Товарищи бросились по узким корабельным коридорам в ангар, к батискафу, взобрались на него по стремянке и сиганули в распахнутый люк. Мгновение спустя, как раз чтобы увидеть, как опускается крышка люка, в ангар ворвались враги. Какое-то время они стучали прикладами по титановому корпусу, требуя выходить, а потом принялись разносить закрепленное на обшивке оборудование. Исковеркали манипуляторы. Погнули кувалдами винты. Вскрыли балластные бункеры, после чего наполнявшая их железная дробь беззвучно заструилась в воду. Видимо, враги намеревались похоронить полярников в титановом гробу на морском дне.

– Вот и все, – устало вымолвил Серегин. – Окончена жизнь. Присядем на дорожку. Тяжело вот так… Никогда не думал, насколько тяжело. Если бы раз – и все, то, наверное, терпимо. А у нас тягуче… Дано время подумать. Зачем? О чем думать? Что вспомнить? За что мыслью зацепиться? О том, как вкалывал до потери пульса? Или об институтском террариуме? Все – зря. Все – впустую. Хоть бы найти что-то светлое.

– Да ведь я тоже… Одно слово: хорош, – произнес бывший губернатор. – Я, знаешь, для чего на полюс поехал? Засветиться. С новым начальством заручкаться. Десять лет тому продул выборы, вытолкнули меня на обочину. С тех пор все в колею пытаюсь влезть. Я ведь и в пучину нырнул за-ради того, чтобы в репортажике на центральном канале упомянули. Да что теперь!.. Эх…

– Оба хороши, – хмыкнул глубоководник. – У тебя, Михаил Васильевич, хоть утешение есть… Вера твоя.

– Так ведь и тебе никто не запрещает. Тимофей Степанович, скажи как на духу: ты крещеный?

– Крещеный-то крещеный, а креста на мне нет.

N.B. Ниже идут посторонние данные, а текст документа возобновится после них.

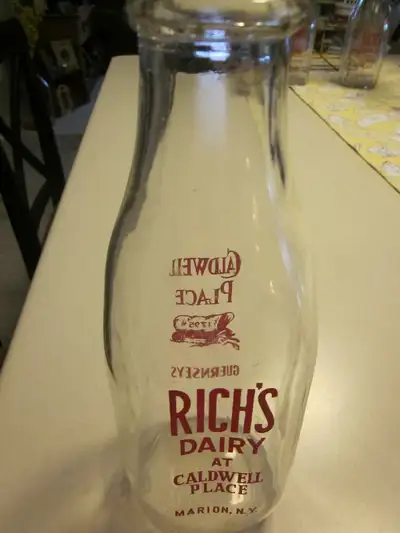 I have 6 of these older milk bottles All the same Rich's Dairy, Caldwell Place, Guernsey They are a...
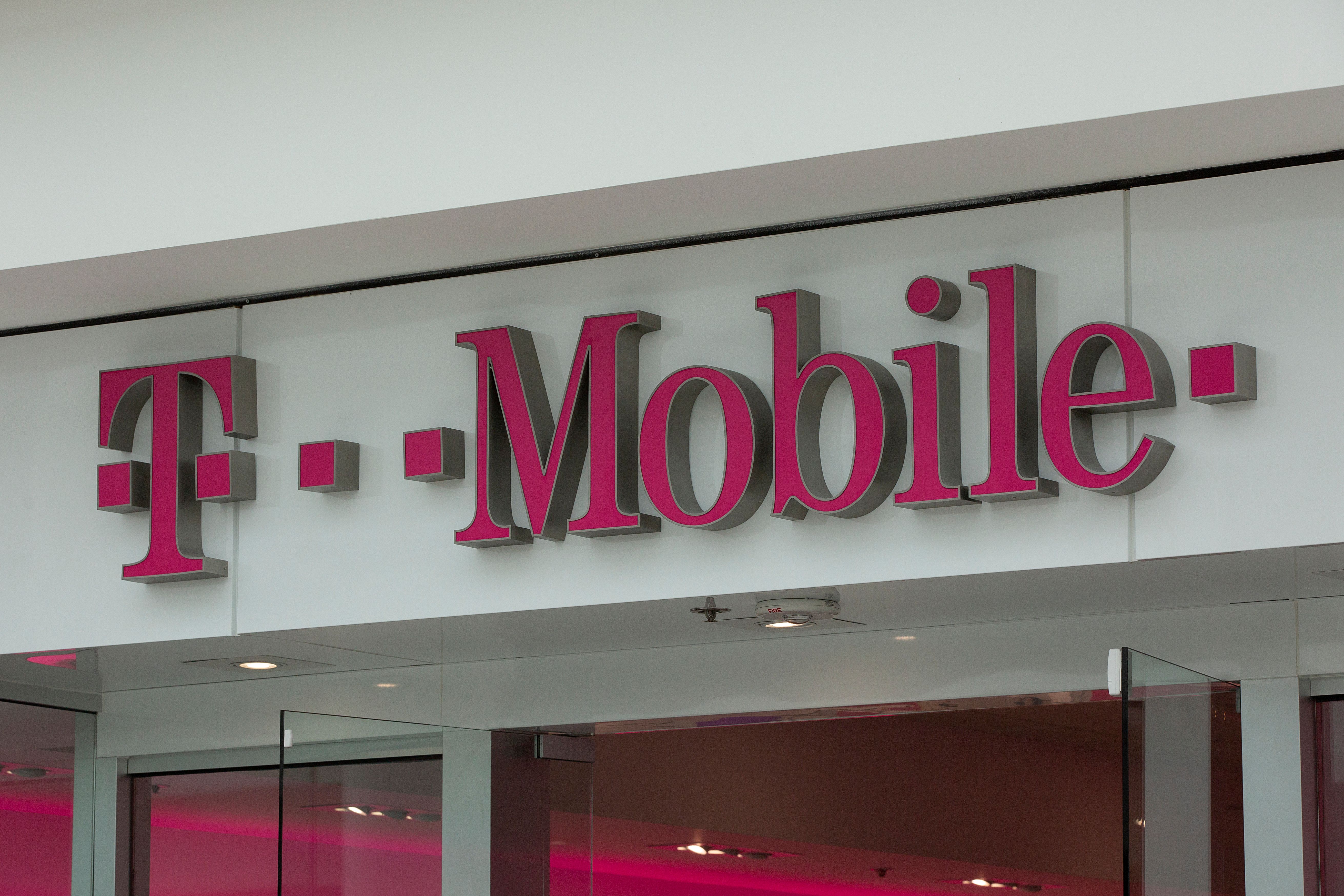 The T-Mobile logo is seen outside a shop in Washington, DC, on July 26, 2019. (ALASTAIR PIKE/AFP via Getty Images)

Михайлов запустил пальцы за воротник и суетливо принялся искать у себя на загривке замочек цепочки.

Глубоководник остановил его:

– Поздно мне перековываться. Да и не возьму я у тебя креста – нечестно будет.

– Так сделай сам!.. Вон жестяные конверты с фильтрами воздухоочистки. У тебя есть нож.

Серегин через силу потянулся к залежам фильтров. Руководствуясь какими-то своими критериями, выбрал один, вскрыл и вычистил порошковый наполнитель прямо под ноги. Вдруг его настроение изменилось, он буквально накинулся на жестянку. Вырезал крест – корявый, с острыми заусенцами по кромке, и бережно спрятал его в нагрудный карман рубашки. Лицо глубоководника очистилось, будто подул какой-то ветерок и унес липшее годами: печали, страсти, заботы. Он вдруг улыбнулся, светло-светло, и сказал:

– Пора.

Глубоководник положил ладонь на рычаг, но потом обернулся на Михаила Васильевича:

– Ну что, поехали?.. Как Юра Гагарин говорил!

– Поехали!

Серегин придавил рычаг.

Удерживающие титановую тушу захваты разжались. Батискаф рухнул, унося в бездну шестерых оседлавших его вояк. Ледяная вода парализовывала мышцы, останавливала сердца, замораживала легкие. Тяжелое снаряжение тянуло вниз. Судьба не предусмотрела для наемников ни единого шанса выплыть.